2. Preheat the Oven:
Preheat your oven to 350°F (180°C). Grease an 8-inch round or square baking pan with oil or line it with parchment paper.
3. Mix the Dry Ingredients
In a mixing bowl, combine the all-purpose flour, baking powder, baking soda, and a pinch of salt. Sift the ingredients together to ensure even mixing and to remove any lumps. Set the dry mixture aside.
4. Prepare the Wet Ingredients
In another bowl, mix the mango pulp, sugar, and oil. Whisk until the sugar dissolves and the mixture is smooth. Add yogurt and vanilla extract, and stir well. If you’re using cardamom powder for extra flavor, add it at this stage.

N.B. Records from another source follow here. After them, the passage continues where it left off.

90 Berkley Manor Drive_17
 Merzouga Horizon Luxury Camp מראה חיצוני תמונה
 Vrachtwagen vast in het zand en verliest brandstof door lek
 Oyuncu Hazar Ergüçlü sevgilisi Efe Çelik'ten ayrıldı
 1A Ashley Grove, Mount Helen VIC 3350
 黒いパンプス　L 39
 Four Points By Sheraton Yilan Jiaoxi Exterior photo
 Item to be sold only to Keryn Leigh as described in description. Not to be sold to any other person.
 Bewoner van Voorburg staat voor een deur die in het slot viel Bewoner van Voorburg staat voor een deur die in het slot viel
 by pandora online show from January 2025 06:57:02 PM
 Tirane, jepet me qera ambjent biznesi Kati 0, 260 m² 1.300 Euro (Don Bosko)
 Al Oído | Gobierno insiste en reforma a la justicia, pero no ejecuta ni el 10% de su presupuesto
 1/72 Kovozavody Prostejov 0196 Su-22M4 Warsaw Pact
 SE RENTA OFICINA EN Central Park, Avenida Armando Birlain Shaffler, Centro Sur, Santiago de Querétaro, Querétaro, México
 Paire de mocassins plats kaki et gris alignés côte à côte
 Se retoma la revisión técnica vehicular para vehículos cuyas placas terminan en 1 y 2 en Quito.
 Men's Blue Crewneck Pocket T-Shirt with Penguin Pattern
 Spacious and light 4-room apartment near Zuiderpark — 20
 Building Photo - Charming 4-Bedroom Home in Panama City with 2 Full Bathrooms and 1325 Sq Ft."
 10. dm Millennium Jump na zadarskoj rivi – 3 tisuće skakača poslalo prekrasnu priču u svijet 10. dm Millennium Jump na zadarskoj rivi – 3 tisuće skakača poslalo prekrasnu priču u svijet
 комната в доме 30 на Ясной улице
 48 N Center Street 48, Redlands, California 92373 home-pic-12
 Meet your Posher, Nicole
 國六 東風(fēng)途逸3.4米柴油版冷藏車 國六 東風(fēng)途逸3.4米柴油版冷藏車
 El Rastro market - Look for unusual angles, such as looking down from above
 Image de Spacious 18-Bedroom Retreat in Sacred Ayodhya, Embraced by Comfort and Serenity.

5. Combine Wet and Dry Ingredients
Gradually fold the dry ingredients into the wet mixture. Add milk slowly while mixing to get a smooth, lump-free batter. If using lemon juice, stir it in at this stage to add a hint of tanginess that balances the sweetness of the mango.
6. Bake the Cake
Pour the batter into the prepared baking pan. Tap the pan gently on the counter to remove air bubbles. Bake the cake in the preheated oven for 30-35 minutes, or until a toothpick inserted in the center comes out clean.
7. Cool and Serve
Once baked, remove the cake from the oven and let it cool in the pan for 10 minutes. Then transfer it to a wire rack to cool completely before slicing.
Tips and Variations
- Decorating the Cake: You can frost the cake with whipped cream or a mango glaze made by reducing mango pulp with a bit of sugar.
- Add-ins: Feel free to add chopped nuts like almonds or pistachios for some crunch, or chocolate chips for a richer flavor.
- Serving: This cake can be served as is, or with a dollop of cream or vanilla ice cream on the side.